The sun shines on Lake Tahoe 75% of the year, for an average of 274 sunny days annually.
Annual snowfall at lakeside level is 124 inches. Higher up, on the slopes above Lake Tahoe, averages snowfalls are 300 to 500 inches each year. Donner Summit, north of the lake, holds the country’s record for the snowiest April on record. On April 1, 1880 a storm dumped 4 feet of snow on the west slope in a 24 hour period. Over the course of the month, storm after storm hit the region. By May 1st of that year, 298 inches of snow had fallen, the most April snow anywhere in the US. A snow slide buried the Pacific Central Railroad’s tracks under 75 feet of snow at one point.
Lake Tahoe was named “Dao wa ga” by a Washoe tribe of Native Americans. The name meant “edge of lake.” The early settlers and travelers to the area mispronounced “Dao” as “Da oh” which later became Tahoe. The name was not official, though, until 1945. Prior to this, the lake had been named Lake Bigler after a California governor, Lake Bonpland after a French botanist and Mountain Lake.
The discovery of gold in 1848 initially brought western bound pioneers to the Tahoe area. It was not gold, however, that made its biggest mark on Lake Tahoe. It was timber. From 1858 to 1890, nearly 90% of the surrounding region’s trees were timbered. Most of the timber was used to shore up the underground workings of the Comstock mines. The region is still affected by the massive deforestation of the late 19th century.
During the US Civil War, writer Mark Twain traveled west in an attempt to get away from the fighting. During his trek, he visited Lake Tahoe. He described an episode in which he inadvertently started a forest fire on the shore of the lake in his book “Roughing It.” He writes that he and a friend “stood helplessly and watched the devastation … surging up adjacent ridges.” Other famous visitors include Baseball Hall of Famer Ty Cobb and eccentric millionaire Howard Hughes, whoever used to join Tahoe native, George Whittell at his home, Thunderbird Lodge, in Zephyr Cove, for high stakes poker games.

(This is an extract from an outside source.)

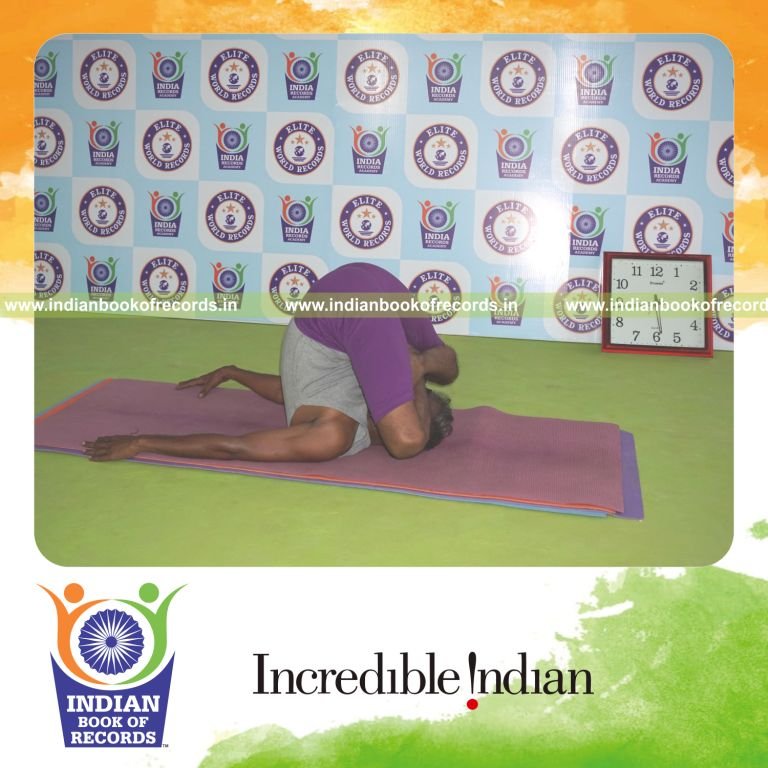 individual holding pindasana in salamba sarvangasana yoga pose blindfolded for record in Indian Book of Records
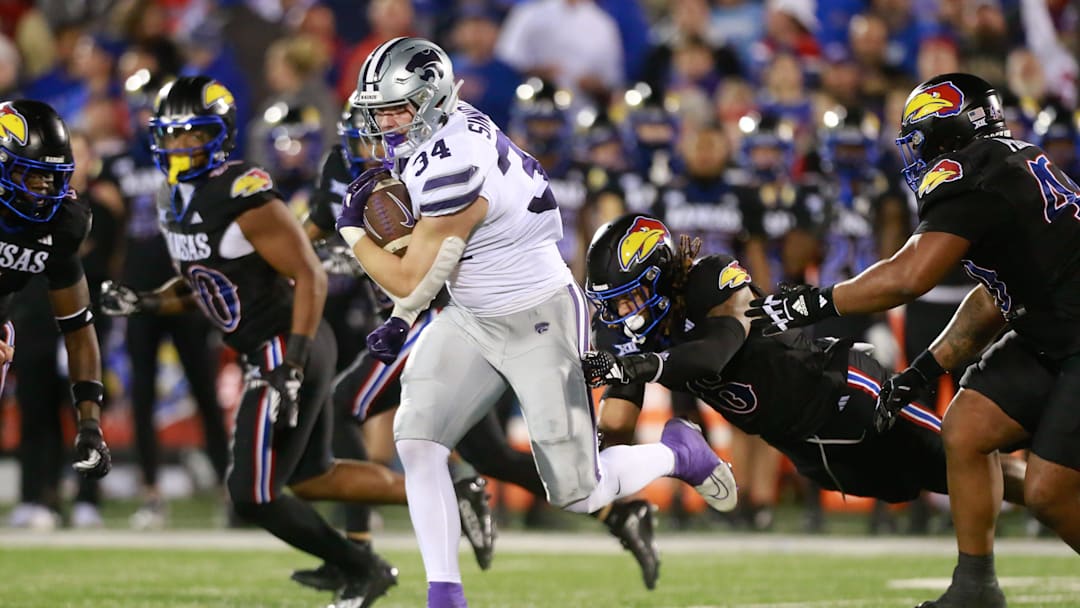 Kansas State junior tight end Ben Sinnott (34) drives through Kansas defenders during the first quarter of Saturday's Sunflower Showdown against Kansas inside David Booth Kansas Memorial Stadium.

Hollywood likes the Lake Tahoe region. Not only do stars like Cher, Natalie Cole and Charles Bronson call Tahoe home (or second home) but several movies have been filmed on and around the lake, as well. The first film made there was Indian Love Call, shot in the 1920’s and starring Jeannette Macdonald. A West Shore residence, Fleur du Lac, and other locations in the area were used in the film The Godfather II. Kevin Costner and Whitney Houston’s film The Bodyguard was filmed at Fallen Leaf Lake, one mile south of Lake Tahoe. The long running 1960’s television show “Ponderosa” was filmed right in Alpine Village, on the shores of Lake Tahoe. The Bonanza ranch used as a setting for the show was open to the public until a few years ago.

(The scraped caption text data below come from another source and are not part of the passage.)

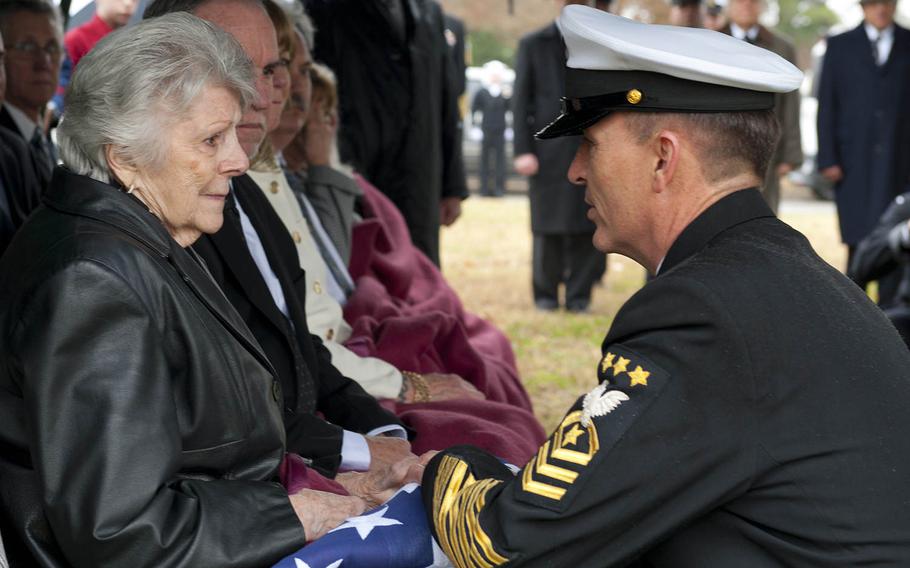 Master Chief Petty Officer of the Navy Mike Stevens presents the national ensign to Fran Walker during the burial service for MCPON Robert J. Walker on Feb. 23, 2016.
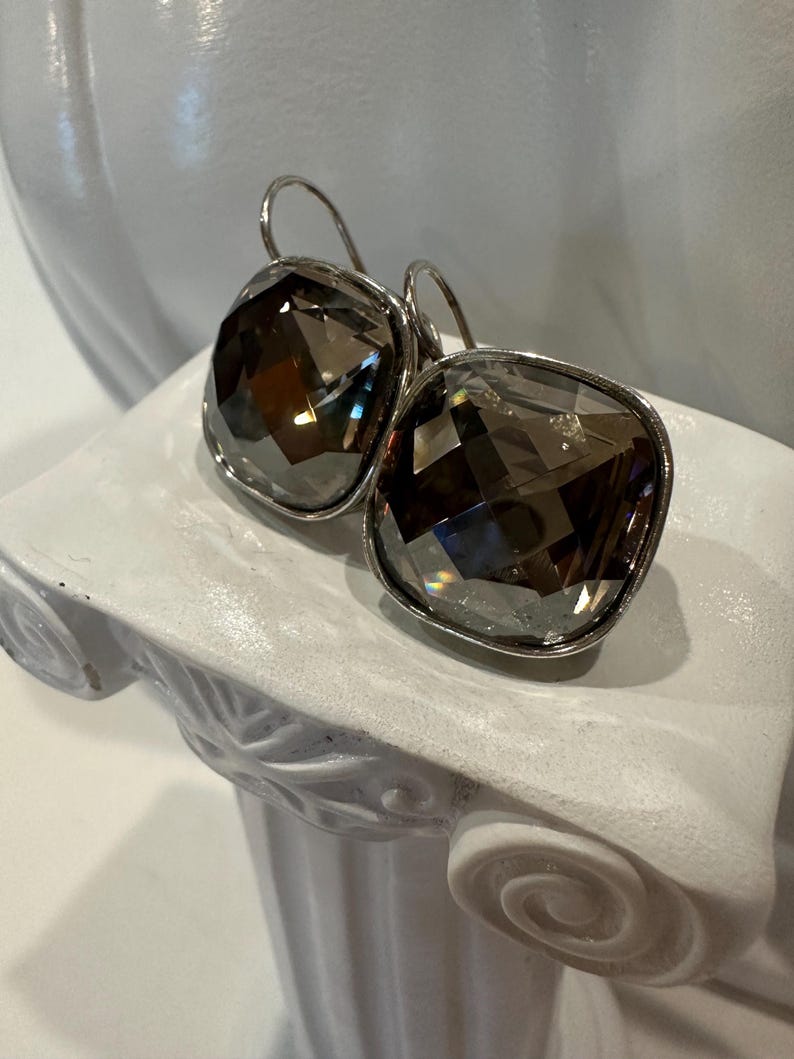 Peut inclure: Boucles d'oreilles pendantes argent&eacute;es avec de grands cristaux carr&eacute;s fum&eacute;s et facett&eacute;s. Les boucles d'oreilles ont un cadre argent&eacute; et une fermeture &agrave; crochet. Elles sont pr&eacute;sent&eacute;es sur un pi&eacute;destal d&eacute;coratif blanc.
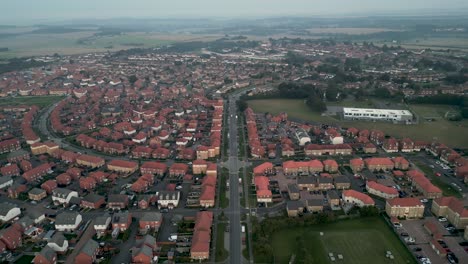 Drone-shot-flying-over-the-Kent-Village-of-Aylesham-showing-lots-of-houses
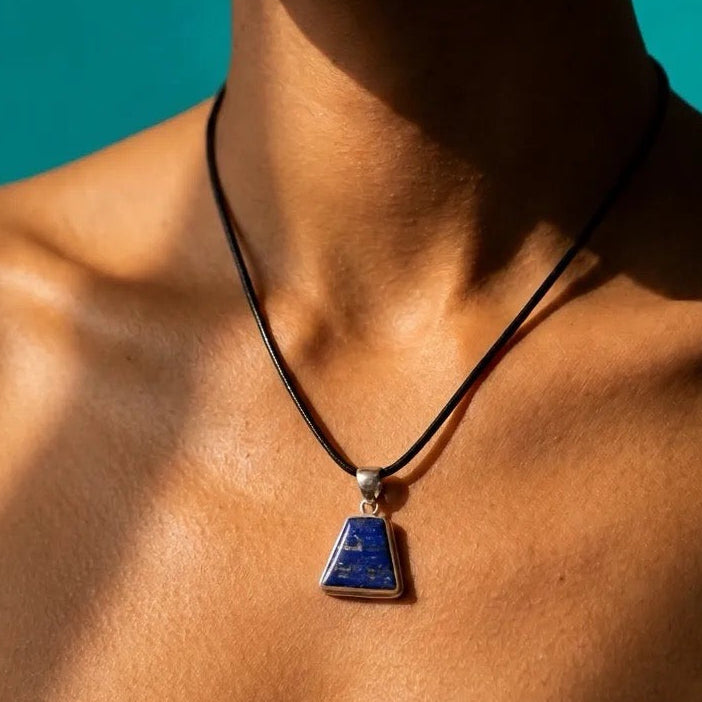 A close-up lifestyle shot of a model wearing a black cord necklace with a triangular blue and white lapis lazuli patterned pendant.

Olympic firsts were made in Lake Tahoe when it served as the host for the 1960 Winter Games. They were the first games to be held in the western half of the United States. The 1960 Winter Games were the first to be televised. They were the first to use computers to calculate scores. It was the first time all the athletes were housed under one roof in Squaw Valley’s Olympic Village. A woman was chosen to represent all the athletes for the first time in the taking of the Olympic oath. The US won its first gold medal in ice hockey, defeating the Russians at the height of the Cold War in a close victory, 3-2.